Wo bliebe aber dann wieder die Grundrente, wenn auf diese Weise die Ackerfläche über den Bedarf hinaus ganz in der Nähe vervielfältigt würde; wenn das den Lohn bestimmende Freiland beliebig vermehrt werden könnte, und zwar ganz in der Nähe, wo also die Spannung zwischen Arbeitserzeugnis des Freiländers und seinem Arbeitsertrag infolge der gesparten Frachtkosten immer geringer wird? Warum dann noch weit nach Kanada, nach Manitoba ziehen, warum von dort mit großen Frachtkosten das Getreide nach Holland verfrachten, wenn man Getreide auf dem Boden der heutigen Zuidersee bauen kann? Wenn der Zinsfuß auf 3, 2, 1 und 0 % sinkt, können alle Länder ihre heutige Bevölkerung mit Brot versehen. Die Landsparbebauung findet nur im Zins eine Grenze. Der Boden wird um so dichter bebaut werden können, je mehr der Zins fällt.

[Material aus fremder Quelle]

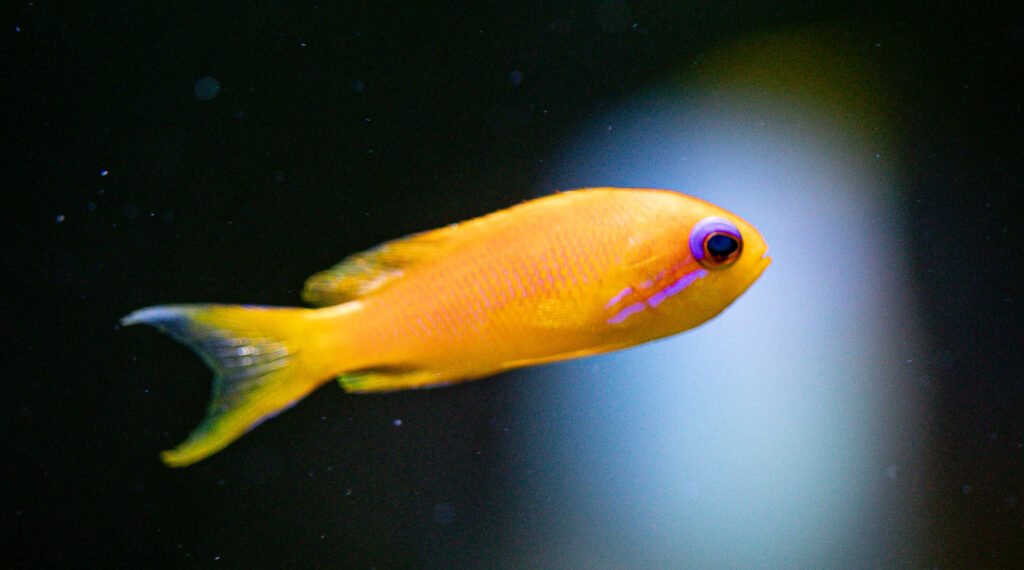 Blue Eye Anthias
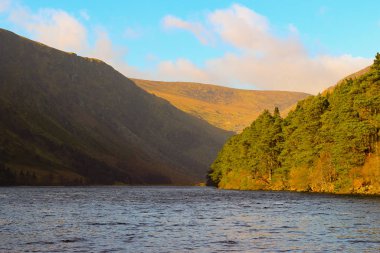 Guinness Lake, Wicklow Mountains, Ireland, Nature, Flowers, Sunny Day, Blue Sky, Sun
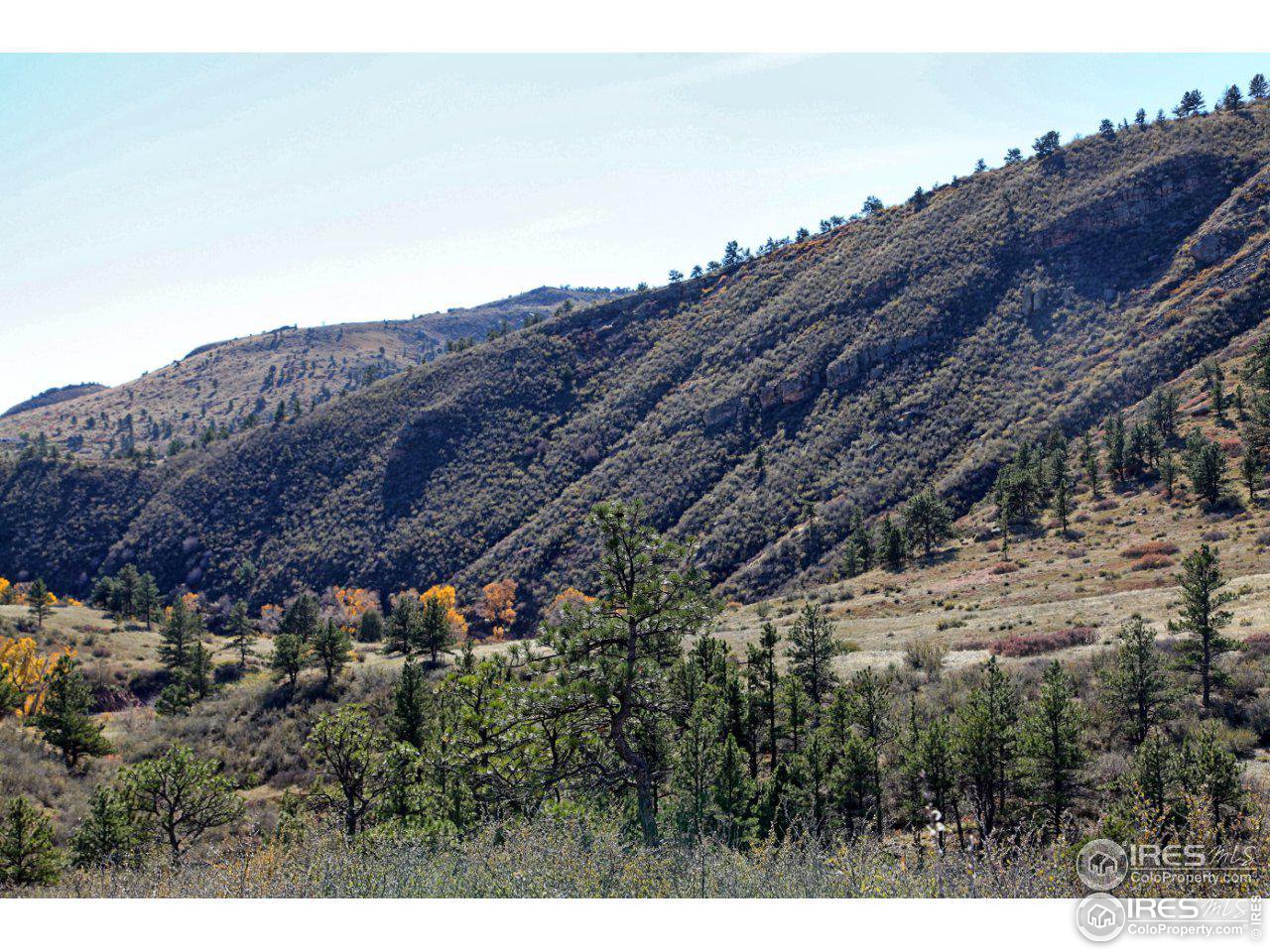 1115 Vision Way Lyons, CO 80540 - Photo 8 of 9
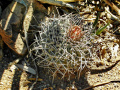 Thelocactus rinconensis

Man sieht hier die innige Verbindung, die zwischen Zins und Rente besteht. Solange Ödland, Wasserflächen, Wüsten vorhanden sind, die urbar gemacht werden können, solange überhaupt der Boden durch Neuerungen verbessert werden kann, ist hoher Zins nicht nur das Ziel des Kapitalisten, sondern auch das Bollwerk der Grundrentner. Fällt der Zins ganz, so verschwindet zwar die Grundrente nicht ganz, aber es wäre der härteste Schlag, der sie treffen könnte. Bei der Baugrundrente wirkt der Zinsrückgang nach entgegengesetzten Richtungen. Weil der Zins des Baukapitals die Mieter ungleich schwerer belastet als die Grundrente (auf dem Lande und in kleinen Städten beträgt der auf die Grundrente entfallende Bestandteil der Mieten oft nicht 5%, während der Kapitalzins hier 90% der Mieten beansprucht) würde der Rückgang des Kapitalzinses auf 1% oder 0 eine gewaltige Verbilligung der Mieten bedeuten, was natürlich sehr stark auf den Raumbedarf der einzelnen Familien zurückwirken würde. Die Masse des Volkes, die sich heute infolge der durch den Zins hochgetriebenen Mieten mit ganz ungenügenden Räumen behilft, würde größere Wohnungen verlangen und dafür zahlen können. Größere Wohnungen beanspruchen aber größere Bauflächen – und treiben die Grundrente aufwärts. Anderseits würde der Rückgang des Zinsfußes die Fahrpreise der Stadtbahnen ermäßigen und so, den Verkehr mehr nach außen lenkend, der städtischen Grundrente entgegenwirken.